Кстати, бывший штабс-капитан Пентко в годы Первой мировой войны служил летнабом в 1-й боевой авиагруппе под командованием А.А. Козакова и неоднократно участвовал в воздушных боях с немецкими аэропланами. Встав на сторону красных, он обучился управлять самолетом, стал летчиком-истребителем и воевал на Северном фронте против своего бывшего командира. Увы, эта история была типичной для российских авиаторов той эпохи.

Помимо авиационных частей, в состав ВВС 6-й армии с ноября 1918 года входил 15-й воздухоплавательный отряд, приданный 18-й стрелковой дивизии и осуществлявший со своего аэростата типа «Парсеваль» корректировку огня советской артиллерии у станции Плесецкая.

В апреле 1919-го английский самолет попытался разбомбить стоянку воздухотряда, но безуспешно: сам баллон и его лебедка получили лишь небольшие повреждения от осколков. 3-го июня другой двухместный самолет вновь атаковал висящий на тросе аэростат. В этот раз экипаж сделал ставку на пулеметный огонь и разрывные пули. По словам очевидцев, летчик, накренив машину, описывал круги вокруг аэростата, а летнаб обстреливал его из турельной спарки «Льюисов», выпустив восемь или девять длинных очередей. С земли по самолету бил зенитный пулемет, но англичанину было гораздо легче поразить огромную и неподвижную «тушу» «Парсеваля». В баллон попало 89 пуль, из них семь разрывных, проделавших в оболочке большие рваные дыры. Расстреляв боекомплект, самолет улетел.
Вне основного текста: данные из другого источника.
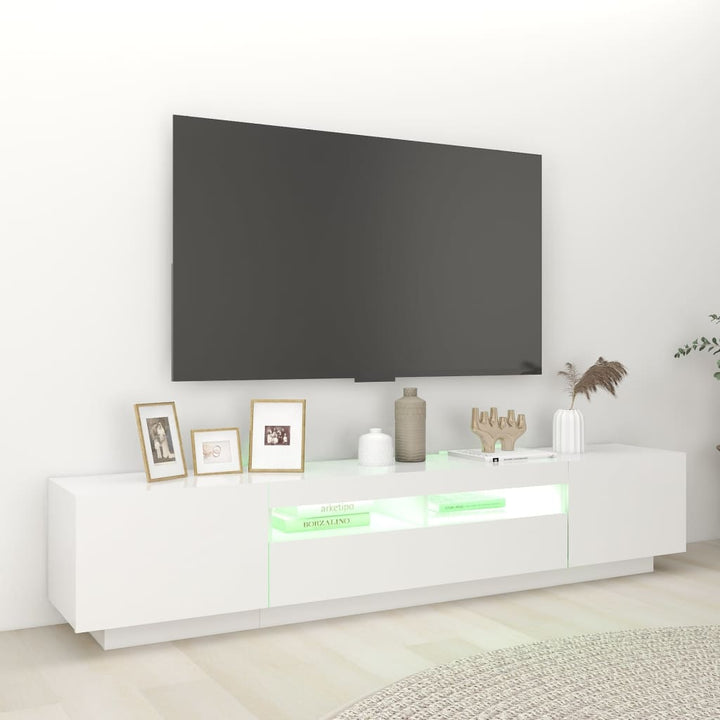 Tv-Schrank Mit Led-Leuchten 200X35X40 Cm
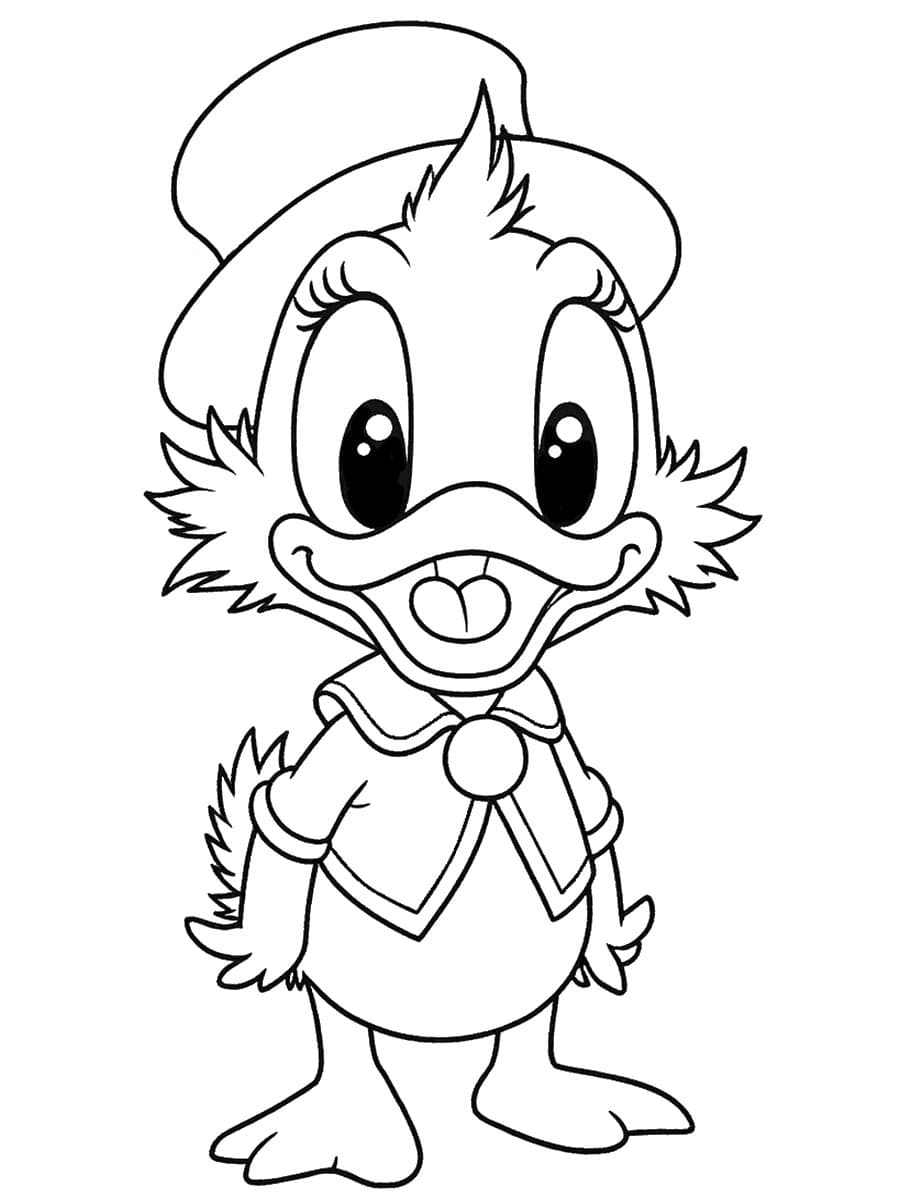 Coloriage Picsou kawaii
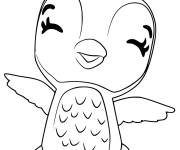 Coloriage Giggling Penguala de Hatchimals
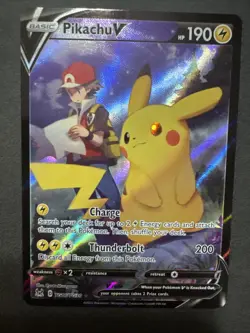 2022 Pokemon Sword & Shield Lost Origin Trainer Gallery #TG16/TG30 Pikachu V - Image 1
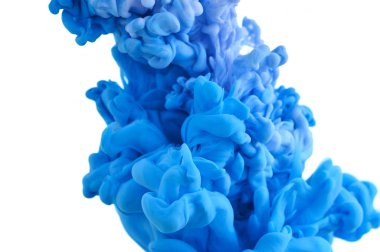 Suda mürekkep. Splash boya karıştırma. Çok renkli sıvı boya. Abst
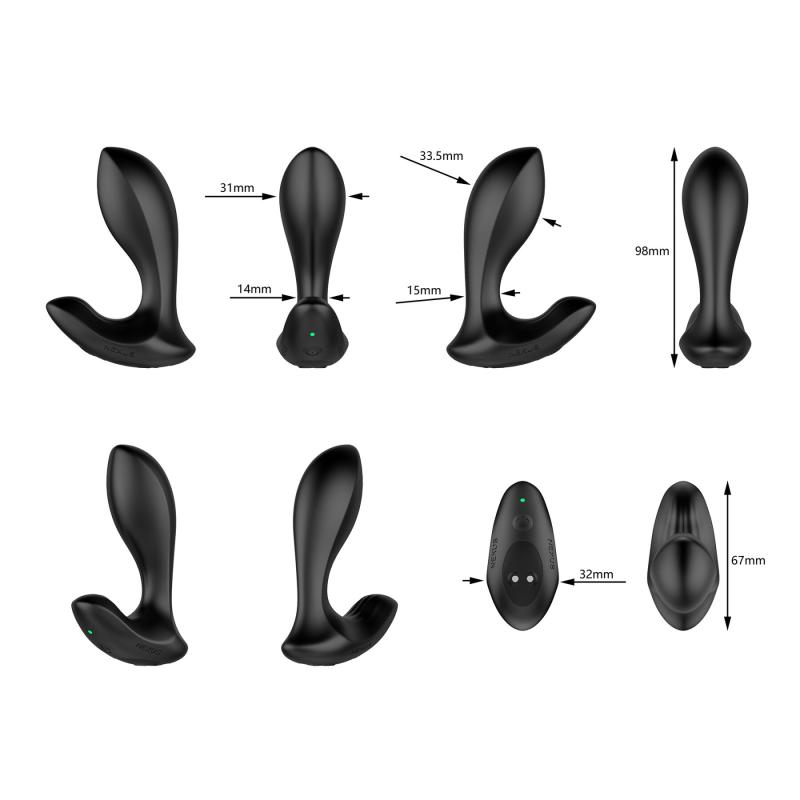 SO8696 Анальная пробка Nexus DUO Remote Control Beginner Butt Plug Small - Black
В результате этой атаки аэростат пришлось списать как негодный к восстановлению. Кроме того, наблюдатель и телефонист, находившиеся в гондоле, получили ранения, а один из солдат наземной команды погиб от шальной пули. Поскольку запасных оболочек в 15-м воздухотряде не было, его пришлось отвести в тыл. На фронт он вернулся только в сентябре и еще примерно месяц вел боевую работу в районе Петрозаводска.

В середине июня, в связи с запланированным наступлением на «речном» фронте, «славяно-британцы» решили одним ударом нейтрализовать советские авиасилы в этом районе. Поскольку наибольшее беспокойство белой армии доставляла морская авиация красных, для атаки был выбран аэродром Пучуга. В этой связи полковник Козаков разработал план, который по своей дерзости граничил с авантюрой. Не очень-то надеясь на точность бомбометания, он предложил осуществить под прикрытием истребителей посадку трех «Сопвичей» прямо на советском аэродроме! Их экипажи должны были подбежать к палаткам-ангарам и поджечь их с помощью факелов и канистр с бензином. После взлета «Сопвичей» «Де Хэвиллендам» надлежало сбросить на ВПП и уцелевшие аэродромные постройки 250-фунтовые бомбы.
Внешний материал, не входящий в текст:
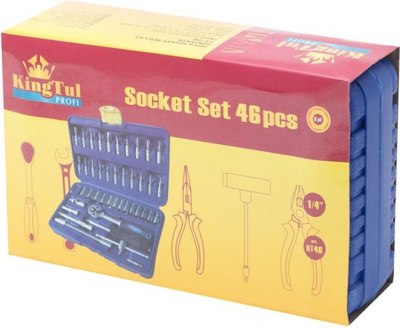 Универсальный набор инструментов KingTul KT-2462-5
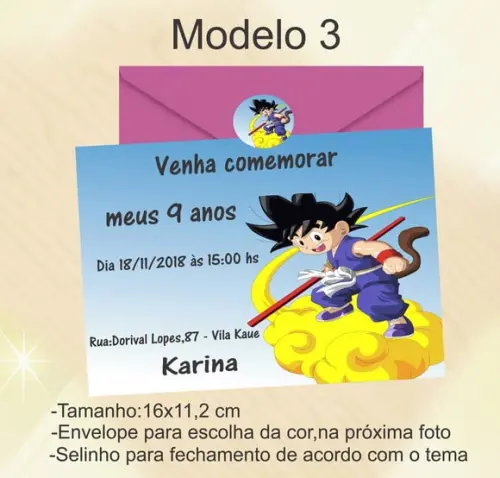 Convite-goku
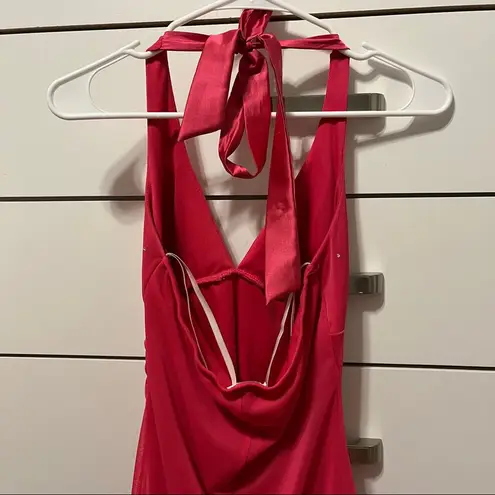 Taboo  Y2K pink midi sparkly dress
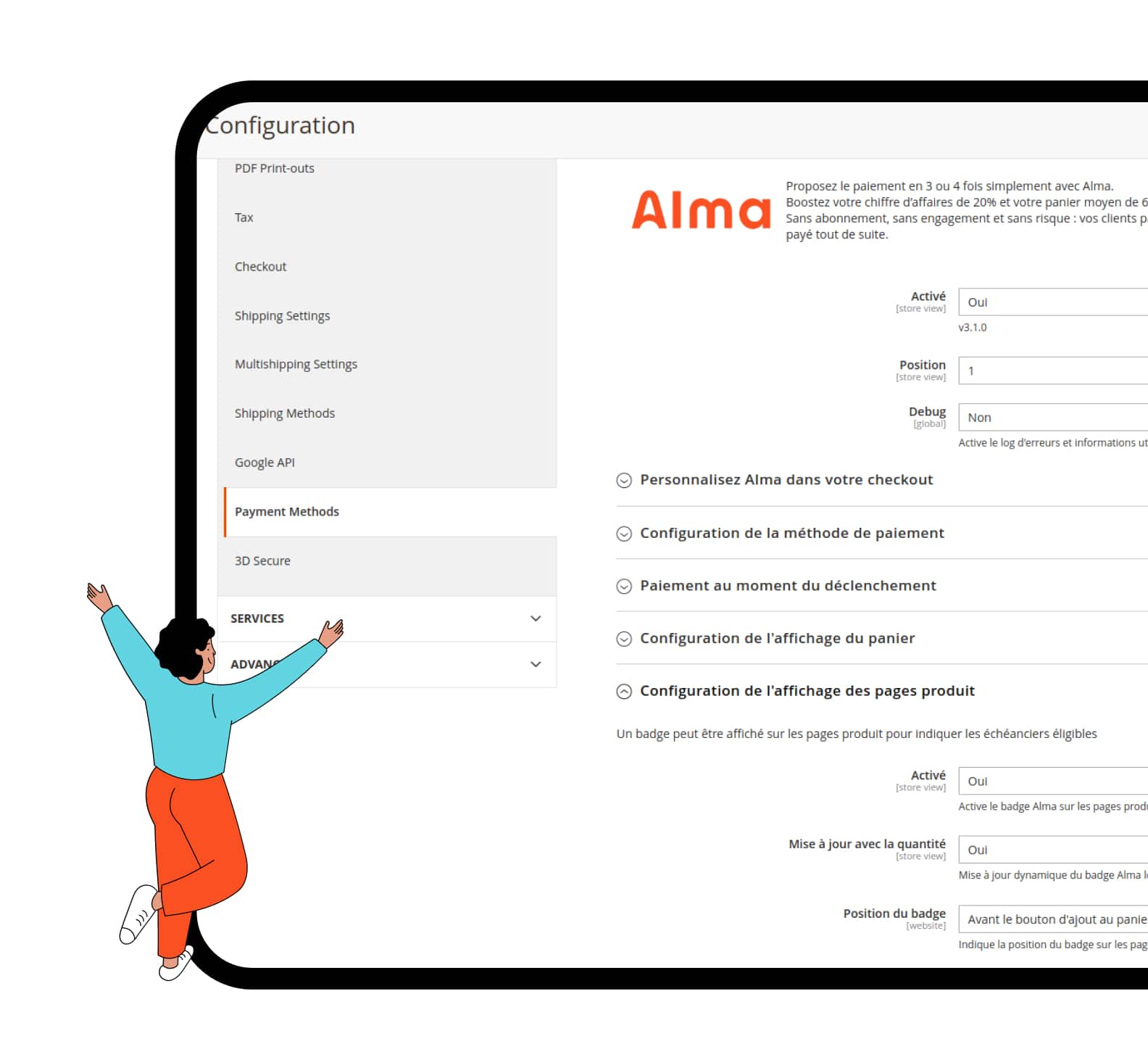 Personnaliser le paiement Alma sur Magento sans quitter votre CMS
Несмотря на высокий риск, предложение нашло поддержку и русских, и английских летчиков. Налет был назначен на вечер 17 июня. Для участия в нем выделили все наличные силы – 13 машин, однако сразу после взлета из-за неполадок в моторах пришлось садиться «Ньюпору» лейтенанта Бересневича и «Снайпу» английского пилота Найта. Для воздушного прикрытия диверсионной команды остался единственный «Снайп» майора Кэрра. Это превысило все допустимые пределы риска и вынудило на ходу менять план операции. Вместо посадки на летном поле «Сопвичи» начали кружить над ангарами, обстреливая их зажигательными пулями. Несколько «Де Хэвиллендов» сбросили бомбы на аэродром, другие ушли бомбить гидроавиатранспорты. Но, как и предполагал Козаков, ни одна бомба точно в цель не попала.
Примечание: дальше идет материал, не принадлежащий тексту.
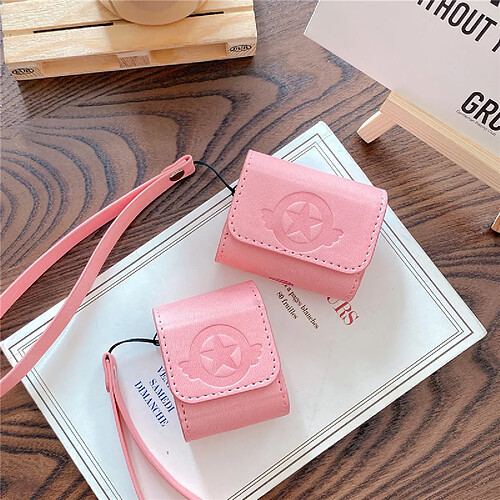 GUPBOO Airpods Coque Housse Étui Protecteur Compatible pour AirPods1/2-fille en cuir de dessin animé mignon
Тем не менее с воздуха было видно, как от зажигательных пуль вспыхнул стоявший на полосе «Ньюпор» и взорвались сложенные на краю аэродрома бочки с горючим. Кроме того, в изрешеченных пулями и осколками бомб палатках были выведены из строя еще один «Ньюпор» и «Спад», а на плавучем ангаре – серьезно повреждены два гидроплана М-20. При налете погибли два человека и шестеро получили ранения.

На следующий день 1-й истротряд, оставшийся без самолетов, был отведен в тыл на переформирование. Таким образом, первую и едва ли не единственную в Гражданской войне операцию по завоеванию господства в воздухе можно считать успешной. Показательно, что командир Двинской флотилии красных В.Н. Варваци в отчете о боях за июнь называет бомбардировку Пучуги «разгромом нашей авиации» и больше того – «превозвестником грядущих неудач и поражений».

А поражения действительно не заставили себя ждать. Уже 19 июня «славяно-британцы», окрыленные успехом, предприняли мощный налет на корабли Двинской флотилии. В 20 часов пятерка «Де Хэвилендов» атаковала вооруженные пароходы, буксиры и баржи у острова Селец. 250-фунтовая бомба попала в «Плавбатарею №5» – крупную речную баржу с установленными на ней двумя корабельными шестидюймовыми пушками. Чтобы избежать затопления, «плавбатарею» с развороченным бортом пришлось срочно отбуксировать к берегу, где она села на грунт. На следующий день состоялся повторный налет, поддержанный артиллерией английских канонерок.

Одновременно по берегам Двины перешли в наступление наземные силы Славяно-Британского легиона и части английских войск. В результате комбинированного удара красные были сбиты с позиций и отошли на 10-15 км. к югу. При этом вооруженный пароход «Коммунист» получил шесть надводных пробоин от мелких 20-фунтовых бомб, но остался на плаву. Менее серьезные повреждения достались четырем большим и пяти малым буксирам из состава красной флотилии. Еще четыре вооруженных парохода были подбиты артиллерийским огнем. Флотилия потеряла 10 человек убитыми и 23 ранеными. Развитию успеха белых войск помешали выставленные на Двине и Ваге заграждения из плавучих мин.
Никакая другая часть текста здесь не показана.